To do: From the records below, output exactly the lines starting at the line with "Shop Karl Lagerfeld" and ending at the line with "Miu Miu Arcadie Matelasse Bowling Bag", both of them included, but no pictures.

Records for the exercise:
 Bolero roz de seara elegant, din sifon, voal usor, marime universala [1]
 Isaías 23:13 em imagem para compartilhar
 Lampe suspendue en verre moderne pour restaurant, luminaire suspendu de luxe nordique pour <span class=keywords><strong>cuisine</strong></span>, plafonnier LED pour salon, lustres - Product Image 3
==
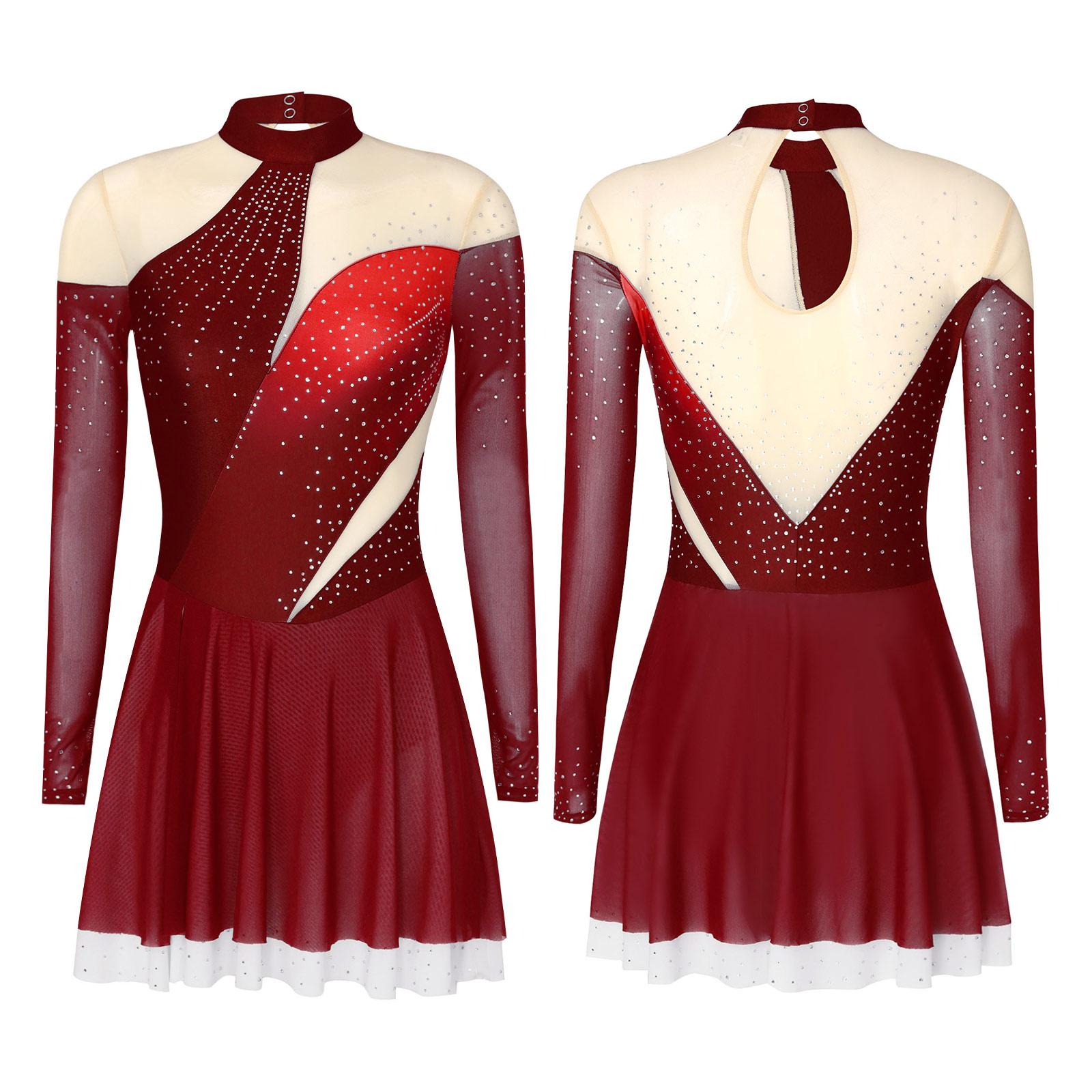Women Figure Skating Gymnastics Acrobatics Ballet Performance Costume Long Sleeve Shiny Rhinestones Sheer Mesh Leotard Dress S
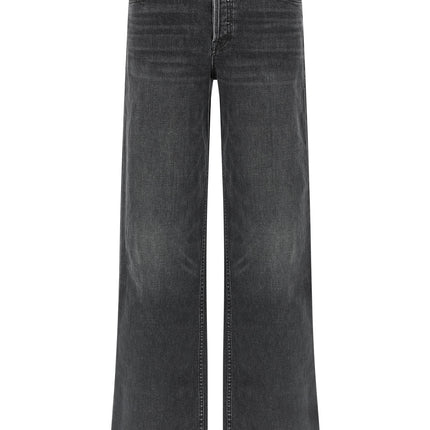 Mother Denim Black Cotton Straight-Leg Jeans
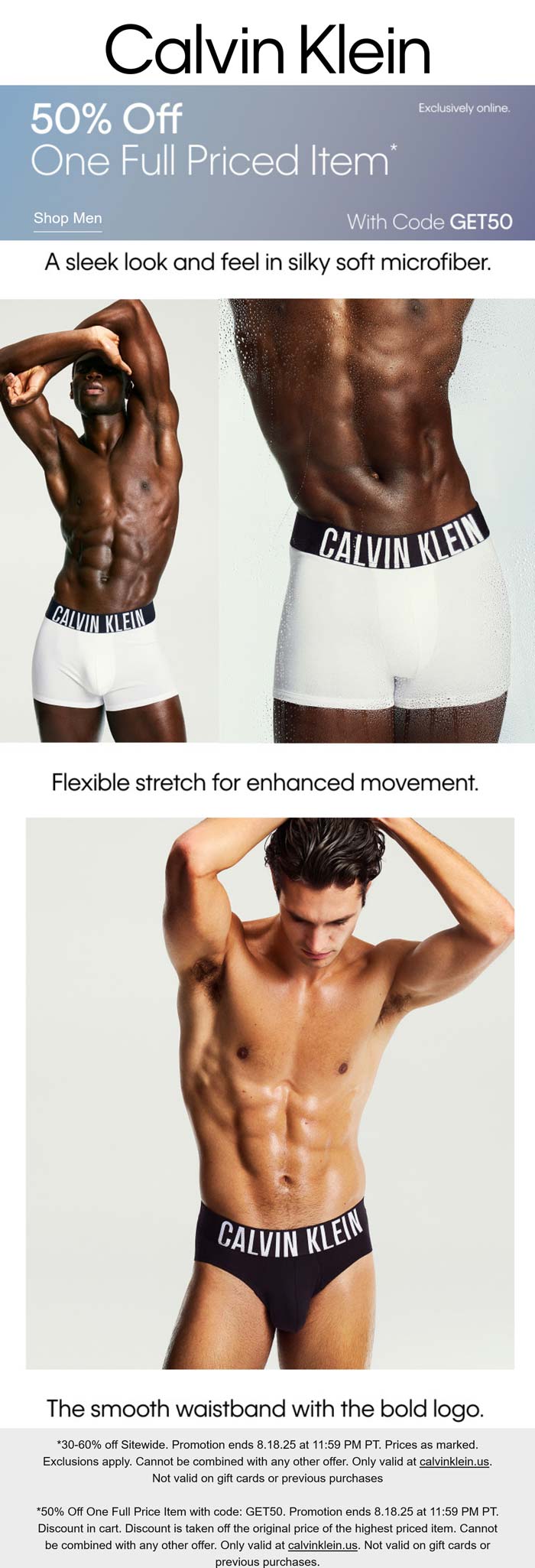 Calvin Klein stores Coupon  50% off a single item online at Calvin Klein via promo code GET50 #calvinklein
==
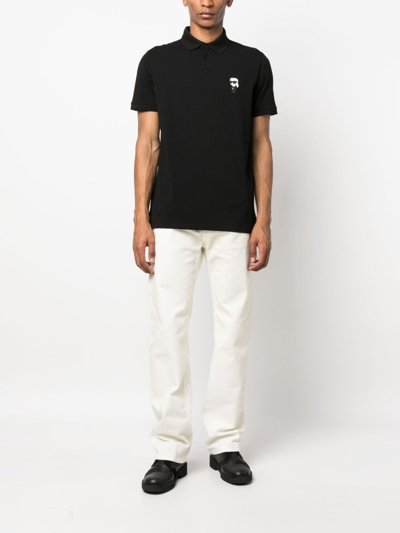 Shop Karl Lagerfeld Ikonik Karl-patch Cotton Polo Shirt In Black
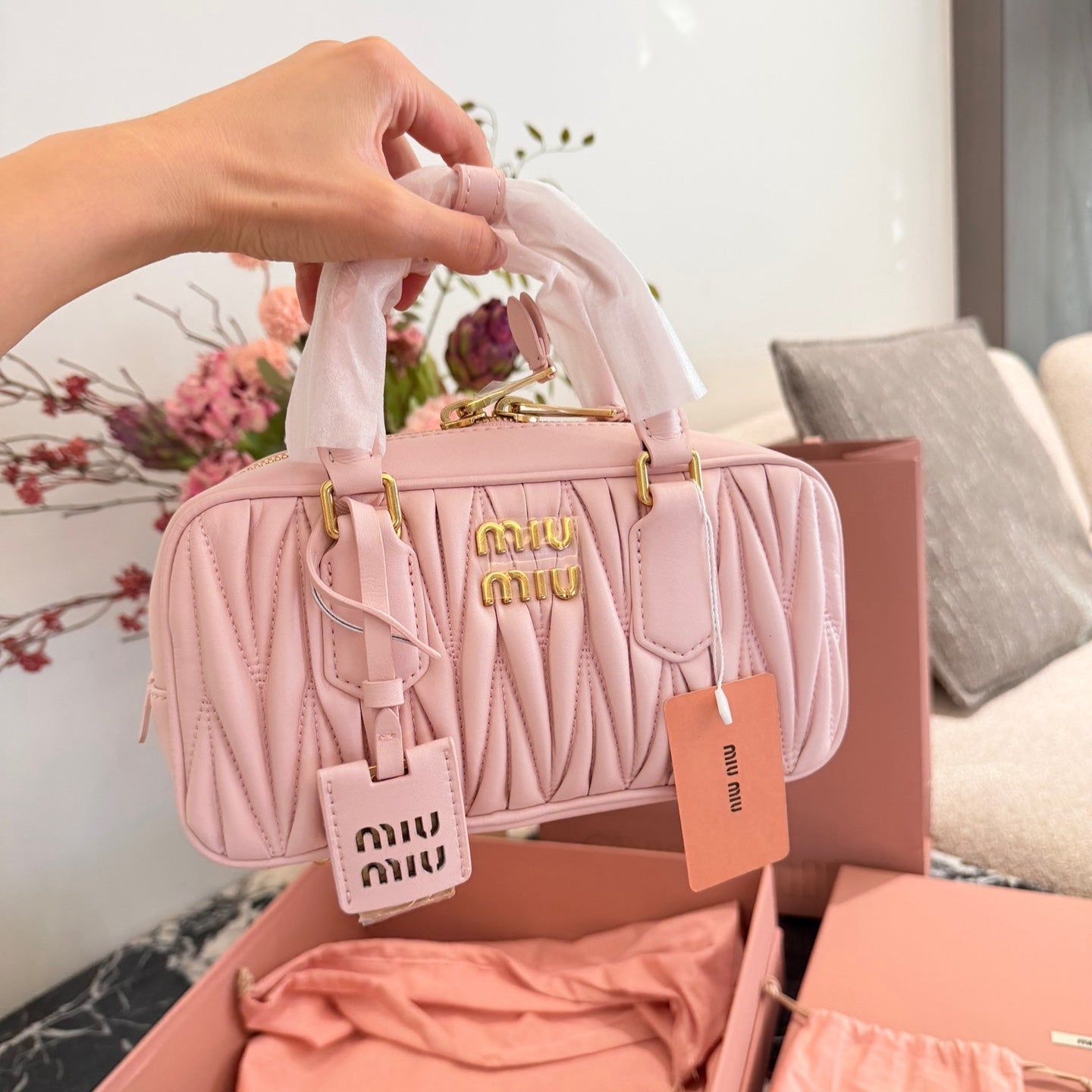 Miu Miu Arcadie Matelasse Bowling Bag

Solution to the exercise:
 Shop Karl Lagerfeld Ikonik Karl-patch Cotton Polo Shirt In Black
 Miu Miu Arcadie Matelasse Bowling Bag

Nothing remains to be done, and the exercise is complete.